1.      Haji, umroh dan zakat harus dilafal-kan, boleh berjamaah atau sendiri-sendiri
2.      Sholat fardlu, sholat Jum'at dan mandi wajib disyaratkan untuk " berniat"
3.      Wudlu dan Puasa tidak disyaratkan dengan lafal tertentu
4.      Tayammum harus diniati untuk mengganti wudlu ( tidak hanya fardlu )

5. Syarat-syarat niat
ada syarat umum dan syarat khusus, adapun syarat umum adalah :
a.       Muslim, haruslah yang mmempunyai niat adalah mereka yang beragama Islam, maka tidak sah niat orang kafir.
b.      Tamyiz, yakni yang dapat mebedakan antara yang benar dan yang salah, termasuk di dalam " mumayyiz" adalah berakal. Namun dalam hal tertentu, seorang wali boleh meniatkan yang di bawah perwaliannya, seperti dalam haji dan memandikan jinabat anaknya yang haid.
c.       Memahami apa yang diniati, maka orang yang tidak paham apa yang diniati gugurlah/ batal-lah ibadah yang dilakukan.
d.      Tidak memutus niat dengan yang lain hingga akhir pelaksanaan yang diniati,  sehingga ibadah yang dilakukan dengan niat menjadi batal dan tidak sah, apabila seseorang kemudian " menjadi murtad ". Demikian juga apabila di tengah-tengah wudlu seseorang memutuskannya.

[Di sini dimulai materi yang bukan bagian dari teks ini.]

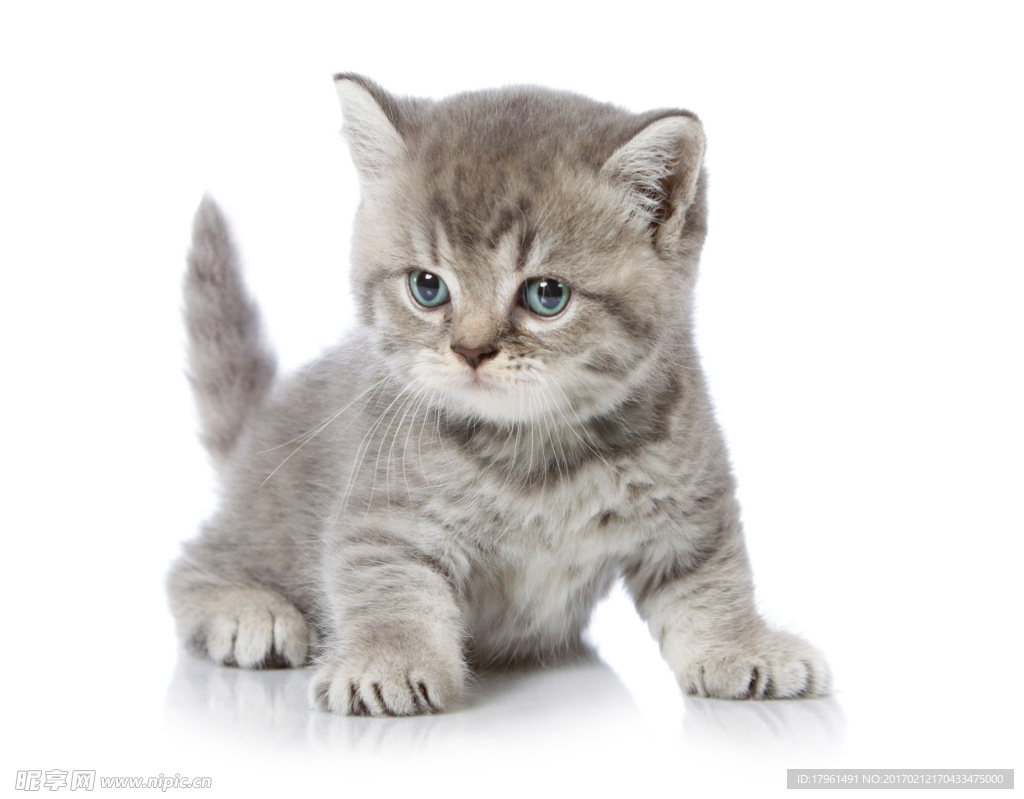 小猫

Adapun syarat khususnya adalah : bahwa dalam masing-masing jenis ibadah telah ditentukan syarat sah dan rukunnya, jadi yang dimaksudkan dengan syarat khusus dalam biat adalah terkait dengan syarat ibadah tersebut, seperti sholat yang syarat sahnya antara lain " memasuki waktu shalat " dan lainnya, yang akan di bahas pada masing-masing bab yang membahas tentang ibadah-ibadah tersebut.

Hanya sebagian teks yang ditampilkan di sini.